If anyone here is interested, I'm curious to see the numbers of what it would take to install a single facility at Lunar L1, that can provide interesting levels of surveillance, tracking and communications throughout cislunar space.
In order to launch a radar and communications array that can promote future space development and watch for Near Earth Objects, one needs a dielectric that can shrink the size and mass of a metallic antenna array hugely, and even that of a normal dielectric array by a serious factor. We're talking about the kind of array that one could compare to the ALTAIR array on Kwajalein--something on the order of a 10 MW installation. Even using a dielectric with astonishing qualities, we're talking about a BIG array. So here's what I'm wondering.
One wants to look at the mass a Falcon 9, a Falcon Heavy and SLS can loft to Lunar L1 and see if it is feasible to put several tons up with a single launch, then use several launches. If for example, one of these launch vehicles can lift 5T to LL1, then one could conceivably build a very large array with 6 launches.

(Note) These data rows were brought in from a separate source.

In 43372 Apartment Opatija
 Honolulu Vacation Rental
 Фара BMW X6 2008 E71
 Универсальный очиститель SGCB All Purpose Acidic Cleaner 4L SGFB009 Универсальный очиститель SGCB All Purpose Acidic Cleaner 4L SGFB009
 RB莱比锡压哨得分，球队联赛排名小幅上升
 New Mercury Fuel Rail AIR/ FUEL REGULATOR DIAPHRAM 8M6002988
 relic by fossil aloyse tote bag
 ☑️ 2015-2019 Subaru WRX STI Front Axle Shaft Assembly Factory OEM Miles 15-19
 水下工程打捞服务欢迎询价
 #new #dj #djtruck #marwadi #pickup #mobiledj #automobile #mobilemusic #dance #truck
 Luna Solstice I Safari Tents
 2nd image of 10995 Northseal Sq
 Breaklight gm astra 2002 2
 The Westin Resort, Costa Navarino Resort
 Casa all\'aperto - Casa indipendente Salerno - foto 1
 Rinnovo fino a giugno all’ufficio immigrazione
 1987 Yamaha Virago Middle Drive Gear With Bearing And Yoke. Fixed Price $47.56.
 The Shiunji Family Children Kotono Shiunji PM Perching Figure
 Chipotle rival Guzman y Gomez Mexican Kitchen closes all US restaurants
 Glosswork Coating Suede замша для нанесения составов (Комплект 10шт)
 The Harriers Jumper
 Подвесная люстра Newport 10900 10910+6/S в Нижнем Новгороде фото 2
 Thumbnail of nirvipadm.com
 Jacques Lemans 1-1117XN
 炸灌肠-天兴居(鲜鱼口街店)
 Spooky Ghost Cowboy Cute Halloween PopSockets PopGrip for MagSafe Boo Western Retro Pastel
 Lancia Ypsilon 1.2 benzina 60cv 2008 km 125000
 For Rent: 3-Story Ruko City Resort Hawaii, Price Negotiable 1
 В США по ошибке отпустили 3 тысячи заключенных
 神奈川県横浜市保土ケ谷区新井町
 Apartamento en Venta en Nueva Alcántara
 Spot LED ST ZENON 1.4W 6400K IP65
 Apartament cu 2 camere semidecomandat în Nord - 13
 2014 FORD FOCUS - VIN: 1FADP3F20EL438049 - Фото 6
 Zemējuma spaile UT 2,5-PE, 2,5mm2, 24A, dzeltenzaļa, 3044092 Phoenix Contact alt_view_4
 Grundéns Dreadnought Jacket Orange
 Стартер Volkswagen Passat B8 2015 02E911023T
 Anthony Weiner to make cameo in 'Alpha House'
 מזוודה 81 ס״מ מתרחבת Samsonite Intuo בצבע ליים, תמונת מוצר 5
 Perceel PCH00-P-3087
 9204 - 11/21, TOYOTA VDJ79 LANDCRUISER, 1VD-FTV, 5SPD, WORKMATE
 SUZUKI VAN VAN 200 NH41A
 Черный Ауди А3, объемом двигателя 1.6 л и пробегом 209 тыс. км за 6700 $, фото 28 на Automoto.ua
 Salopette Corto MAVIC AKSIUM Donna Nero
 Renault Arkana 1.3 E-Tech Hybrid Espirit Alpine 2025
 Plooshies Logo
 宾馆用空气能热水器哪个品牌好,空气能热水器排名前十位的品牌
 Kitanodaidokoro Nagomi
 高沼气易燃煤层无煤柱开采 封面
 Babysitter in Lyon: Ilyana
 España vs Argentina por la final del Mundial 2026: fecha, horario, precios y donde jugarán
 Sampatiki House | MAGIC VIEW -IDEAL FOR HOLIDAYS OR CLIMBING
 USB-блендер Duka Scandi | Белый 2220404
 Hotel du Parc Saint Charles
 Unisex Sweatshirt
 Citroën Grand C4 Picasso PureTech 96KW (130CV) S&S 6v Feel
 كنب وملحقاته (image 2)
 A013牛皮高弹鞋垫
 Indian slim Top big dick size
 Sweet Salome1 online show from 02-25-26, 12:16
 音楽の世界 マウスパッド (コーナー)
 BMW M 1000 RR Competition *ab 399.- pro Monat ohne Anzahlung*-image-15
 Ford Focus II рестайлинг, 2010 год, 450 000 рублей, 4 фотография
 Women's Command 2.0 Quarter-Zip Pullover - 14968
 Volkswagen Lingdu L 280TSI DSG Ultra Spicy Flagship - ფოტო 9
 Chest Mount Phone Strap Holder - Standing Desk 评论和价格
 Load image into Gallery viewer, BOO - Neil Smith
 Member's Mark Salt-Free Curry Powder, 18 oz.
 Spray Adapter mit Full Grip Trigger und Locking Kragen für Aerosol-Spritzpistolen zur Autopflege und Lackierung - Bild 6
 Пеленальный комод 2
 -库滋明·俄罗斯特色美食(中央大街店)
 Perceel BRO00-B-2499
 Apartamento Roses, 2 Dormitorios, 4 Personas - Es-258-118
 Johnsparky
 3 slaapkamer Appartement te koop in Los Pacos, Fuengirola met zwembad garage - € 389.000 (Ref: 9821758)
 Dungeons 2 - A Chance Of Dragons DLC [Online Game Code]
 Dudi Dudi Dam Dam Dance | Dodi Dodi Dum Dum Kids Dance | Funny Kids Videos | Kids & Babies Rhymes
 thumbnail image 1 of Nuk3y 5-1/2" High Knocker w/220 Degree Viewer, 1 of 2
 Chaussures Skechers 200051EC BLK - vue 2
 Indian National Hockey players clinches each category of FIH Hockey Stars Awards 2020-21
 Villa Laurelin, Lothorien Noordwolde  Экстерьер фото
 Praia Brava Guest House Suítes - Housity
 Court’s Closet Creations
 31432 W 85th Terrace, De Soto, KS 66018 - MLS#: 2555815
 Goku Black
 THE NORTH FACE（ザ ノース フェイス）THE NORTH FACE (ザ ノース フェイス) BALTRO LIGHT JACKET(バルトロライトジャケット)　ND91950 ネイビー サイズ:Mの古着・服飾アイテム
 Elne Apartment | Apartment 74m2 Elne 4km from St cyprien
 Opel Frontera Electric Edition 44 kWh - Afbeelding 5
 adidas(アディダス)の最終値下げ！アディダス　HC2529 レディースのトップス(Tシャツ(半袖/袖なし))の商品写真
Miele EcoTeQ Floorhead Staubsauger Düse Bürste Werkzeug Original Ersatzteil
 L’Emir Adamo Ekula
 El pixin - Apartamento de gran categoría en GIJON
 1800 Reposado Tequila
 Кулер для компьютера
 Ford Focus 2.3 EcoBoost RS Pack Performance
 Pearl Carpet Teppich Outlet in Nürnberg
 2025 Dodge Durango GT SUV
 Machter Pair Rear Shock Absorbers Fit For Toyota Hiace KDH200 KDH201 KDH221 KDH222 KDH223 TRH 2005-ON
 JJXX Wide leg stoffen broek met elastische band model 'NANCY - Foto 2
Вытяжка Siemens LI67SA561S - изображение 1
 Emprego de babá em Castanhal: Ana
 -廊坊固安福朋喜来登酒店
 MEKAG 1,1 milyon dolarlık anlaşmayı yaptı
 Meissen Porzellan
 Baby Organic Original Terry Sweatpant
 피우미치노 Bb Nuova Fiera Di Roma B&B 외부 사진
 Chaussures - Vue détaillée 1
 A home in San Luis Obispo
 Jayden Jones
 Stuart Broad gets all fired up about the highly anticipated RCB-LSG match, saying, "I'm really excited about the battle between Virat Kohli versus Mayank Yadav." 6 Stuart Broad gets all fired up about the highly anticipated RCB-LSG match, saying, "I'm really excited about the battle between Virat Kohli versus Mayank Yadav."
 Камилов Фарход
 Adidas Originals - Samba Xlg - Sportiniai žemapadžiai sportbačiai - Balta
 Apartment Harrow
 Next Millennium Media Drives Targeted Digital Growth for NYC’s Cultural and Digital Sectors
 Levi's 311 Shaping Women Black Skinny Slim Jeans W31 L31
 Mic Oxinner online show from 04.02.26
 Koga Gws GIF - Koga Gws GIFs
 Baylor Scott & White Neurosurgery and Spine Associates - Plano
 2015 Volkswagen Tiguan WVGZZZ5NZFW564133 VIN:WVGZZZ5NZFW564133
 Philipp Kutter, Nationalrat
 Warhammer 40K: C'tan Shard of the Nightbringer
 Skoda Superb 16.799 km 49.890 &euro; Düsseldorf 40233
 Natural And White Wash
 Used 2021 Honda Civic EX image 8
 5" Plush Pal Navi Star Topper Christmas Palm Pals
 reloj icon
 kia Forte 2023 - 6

In such an array, you might for example stipulate a hexagon assembly. each of the six trusses of that assembly could be launched as a single, light weight carbon fiber, hexagonal cross section craft of about 70 meters long and 5 meters diameter and storing PV panels and power equipment inside for launch; that when unfolded at LL1, would provide ~20? X 70 ~=1,400 square meters surface area facing one direction. Six such trusses could then be connected in a hexagon that lies radially on the plane of the Earth's orbit around the sun, at LL1. If one placed a light-weight ceramic dielectric antenna every 10cm on such a surface, they'd have an array of about 140,000 elements per truss. Such an array would be able to scan in all the important directions at once, send and receive both radar and VHF/UHF communications (300 Mhz) and could be capable of some astonishing feats.
For example, it appears to me possible such an array could track objects across all cislunar space down to a reasonable limit defined by their distance, but perhaps on the order of a golfball at greatest range. It is possible, such an array could repeat UHF communications from a lunar astronaut's suit, back to any lunar surface vehicle, any vehicle in cislunar space and even direct back to Earth. It's possible such an array could even track a Chinese lunar rover on the surface of the Moon--something DoD would take an interest in.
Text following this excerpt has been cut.